As the discussion phase is approaching its end, we would like to kindly confirm whether our responses have addressed your concerns (or at least part of them). If there are still any aspects you feel require clarification, we would be more than happy to provide further details. Otherwise, we hope our clarifications have resolved the outstanding issues and would be grateful if you could kindly consider this in your final evaluation.
We sincerely appreciate your time and constructive comments throughout this review process.
Warm regards,
Dear Reviewer Qdek,
This is a reminder that, according to this year's new NeurIPS policy, Reviewers must participate in discussions with authors before submitting the “Mandatory Acknowledgement”.
Could you please leave any feedback for the authors? If you don’t have any additional questions and if your concerns have been addressed, please update your ratings or final justification accordingly. If you are not willing to update your ratings, please explain in your final justification why concerns are still not addressed.
Best,
AC
The authors propose StreamBridge, a framework to convert offline Video-LLMs into streaming-capable models and Stream-IT, a large-scale dataset for streaming video understanding. The contributions of this paper include:
- Adapting offline Video-LLMs to real-time streaming scenarios is an important research redirection with broad applications.
- The authors propose a StreamBridge pipeline based on a memory buffer and a decoupled activation model, which is simple yet powerful on various streaming video understanding benchmarks.
- The collected StreamingQA-120K dataset is beneficial for the research community for training streaming models.

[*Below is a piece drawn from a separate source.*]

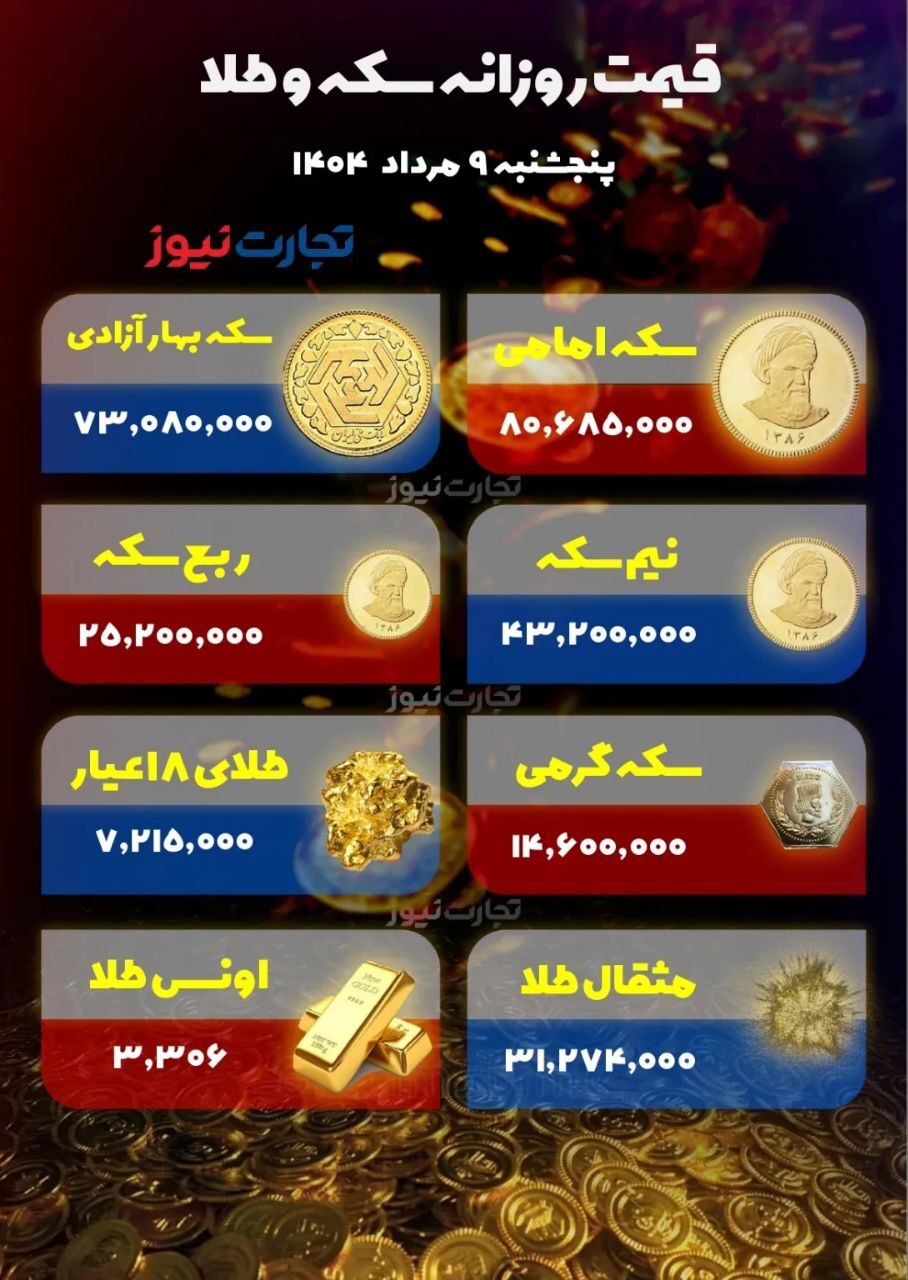 سکه امامی ۹۰۰ هزار تومان گران شد +جدول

Below are some of the salient discussion points during the reviewer-author discussion period:
- Reviewers have concerns about the generalization ability of the activation model, since the activation model is trained on specific data. The authors provide additional results on the NExT-GQA benchmark to demonstrate that the activation model generalizes well.
- Since the topic of this paper is about streaming video understanding, the authors provide additional metrics (e.g., latency) to demonstrate the computational efficiency.

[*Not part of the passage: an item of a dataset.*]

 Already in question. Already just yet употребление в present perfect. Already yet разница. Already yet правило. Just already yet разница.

- Reviewers have concerns that the authors miss some relevant related work (Reviewer ioHp Q5). The authors promise to add the discussion of these papers in the revised version.
- The authors provide more implementation details and ablation studies of StreamBridge to address the reviewers' concerns.
Overall, the reviews have been positive, and after rebuttal, all reviewers recommend acceptance, acknowledging that it fills an important gap in the streaming video understanding. The authors are encouraged to incorporate these discussions (related works, implementation details) in the final version.